The dramatic texture of these shots is omnivorous, ruthless. They are formally controlled but emotionally unmoored, extraordinarily dramatic but decidedly indecisive, tightly framed but pointing elsewhere. Webb has expressed his desire to capture how, in his words, “multiple states, multiple situations, and multiple moments can coexist.” He achieves this by presenting several unrelated human dramas in the same frame. Tehuantepec, Oaxaca, 1985, for example, shows four strangers against a sky-blue alley wall. A red blur of a young woman walks past us in the foreground. Two men—one in a cattleman hat, impassive, wearing a dirty shirt, the other so tired his eyes are closed—lean, like indifferent sentries, on either end of the frame. And amid this, totally ignored like uncollected garbage, is a homeless man lying asleep on the ground.

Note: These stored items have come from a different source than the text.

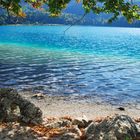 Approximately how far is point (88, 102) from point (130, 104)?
3985 mm

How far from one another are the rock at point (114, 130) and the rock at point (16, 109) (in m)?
3.66

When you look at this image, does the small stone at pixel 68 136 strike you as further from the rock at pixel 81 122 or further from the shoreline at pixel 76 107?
the shoreline at pixel 76 107

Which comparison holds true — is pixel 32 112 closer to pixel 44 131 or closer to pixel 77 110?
pixel 44 131

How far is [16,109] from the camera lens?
1551 centimetres

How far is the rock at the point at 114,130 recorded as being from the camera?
11.9 meters

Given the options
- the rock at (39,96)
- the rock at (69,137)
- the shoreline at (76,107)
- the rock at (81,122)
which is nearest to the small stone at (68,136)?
the rock at (69,137)

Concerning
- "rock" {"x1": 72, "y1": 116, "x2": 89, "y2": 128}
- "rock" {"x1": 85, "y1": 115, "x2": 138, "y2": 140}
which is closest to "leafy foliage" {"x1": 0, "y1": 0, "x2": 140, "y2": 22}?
"rock" {"x1": 85, "y1": 115, "x2": 138, "y2": 140}

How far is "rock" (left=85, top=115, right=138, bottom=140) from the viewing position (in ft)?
39.0

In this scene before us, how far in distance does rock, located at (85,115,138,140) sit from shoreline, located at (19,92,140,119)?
1282 cm

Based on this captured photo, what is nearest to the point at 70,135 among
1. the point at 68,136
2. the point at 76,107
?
the point at 68,136

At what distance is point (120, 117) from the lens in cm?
1286

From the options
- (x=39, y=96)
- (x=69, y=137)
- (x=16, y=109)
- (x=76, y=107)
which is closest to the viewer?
(x=69, y=137)

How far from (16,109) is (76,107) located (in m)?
13.7

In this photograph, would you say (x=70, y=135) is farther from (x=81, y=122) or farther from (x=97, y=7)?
(x=97, y=7) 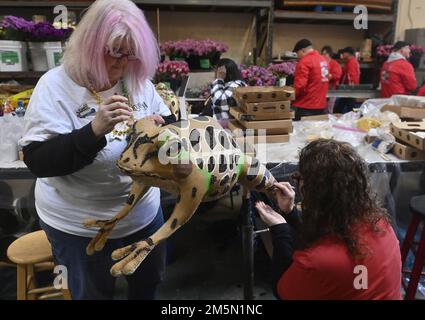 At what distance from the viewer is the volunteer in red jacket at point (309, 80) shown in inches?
130

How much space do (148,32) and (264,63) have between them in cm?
322

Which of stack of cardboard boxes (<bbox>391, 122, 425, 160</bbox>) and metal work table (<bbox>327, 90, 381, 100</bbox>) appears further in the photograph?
metal work table (<bbox>327, 90, 381, 100</bbox>)

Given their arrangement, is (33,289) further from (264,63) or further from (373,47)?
(373,47)

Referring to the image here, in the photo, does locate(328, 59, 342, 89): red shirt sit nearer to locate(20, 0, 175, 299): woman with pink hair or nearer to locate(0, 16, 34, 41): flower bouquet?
locate(0, 16, 34, 41): flower bouquet

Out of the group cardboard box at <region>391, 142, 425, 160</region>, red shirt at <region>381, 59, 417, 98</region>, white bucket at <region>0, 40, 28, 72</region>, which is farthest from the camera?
red shirt at <region>381, 59, 417, 98</region>

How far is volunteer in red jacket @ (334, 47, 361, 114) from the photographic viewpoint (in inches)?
162

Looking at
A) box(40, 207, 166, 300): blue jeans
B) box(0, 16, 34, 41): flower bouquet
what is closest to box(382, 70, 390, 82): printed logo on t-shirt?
box(0, 16, 34, 41): flower bouquet

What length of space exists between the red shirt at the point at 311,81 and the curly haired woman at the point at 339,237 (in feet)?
8.29

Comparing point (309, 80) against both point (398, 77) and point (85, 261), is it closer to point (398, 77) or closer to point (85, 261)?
point (398, 77)

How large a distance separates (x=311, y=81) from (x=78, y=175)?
9.48ft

This is the bitter, Bruegelesque glory of Webb’s street photography. He registers the normalization of pitilessness that results when capitalism conquers an underdeveloped backwater overnight. Doing this, he also achieves something more. The four people in Tehuntapec may remain indifferent to one another, but seeing them, we grow aware of the strangers around us, of the ambient social noise that defines urban life.